WHAT IS NEEDED:
Pictures in the listing below are skipped, while the lines from the "London - Fire Brigade - TL 57A" line through the "Casa à venda com 100m², 3 quartos e 2 vagas Casa" line are returned word for word.

DATA SUPPLIED:
- - - -

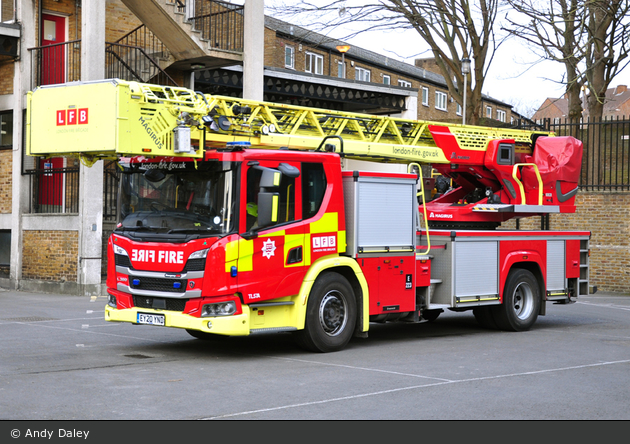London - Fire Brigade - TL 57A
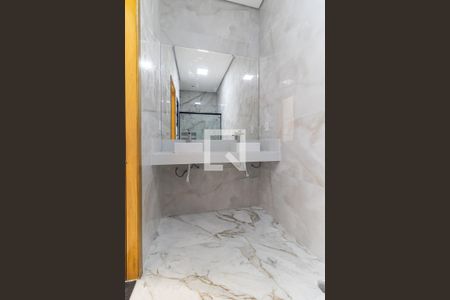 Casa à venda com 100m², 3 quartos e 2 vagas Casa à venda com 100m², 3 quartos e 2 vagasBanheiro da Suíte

- - - -

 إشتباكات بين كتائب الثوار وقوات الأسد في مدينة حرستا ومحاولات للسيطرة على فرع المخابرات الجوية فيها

- - - -

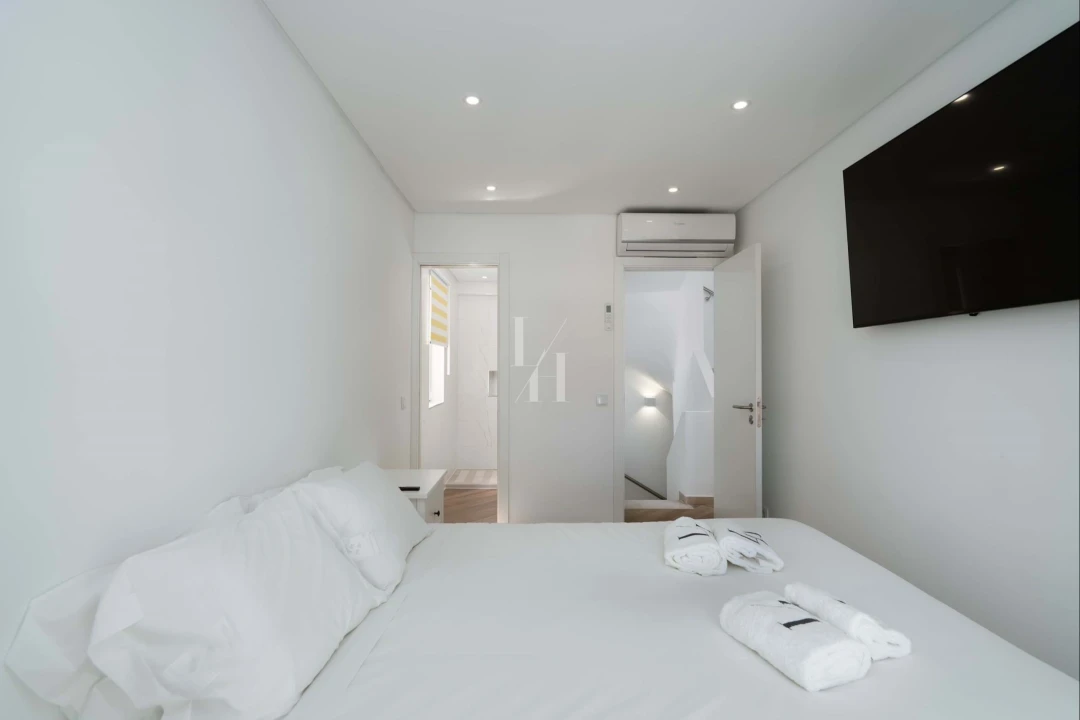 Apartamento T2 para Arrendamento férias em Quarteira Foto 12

- - - -

EXERCISE RESULT:
London - Fire Brigade - TL 57A
 Casa à venda com 100m², 3 quartos e 2 vagas Casa à venda com 100m², 3 quartos e 2 vagasBanheiro da Suíte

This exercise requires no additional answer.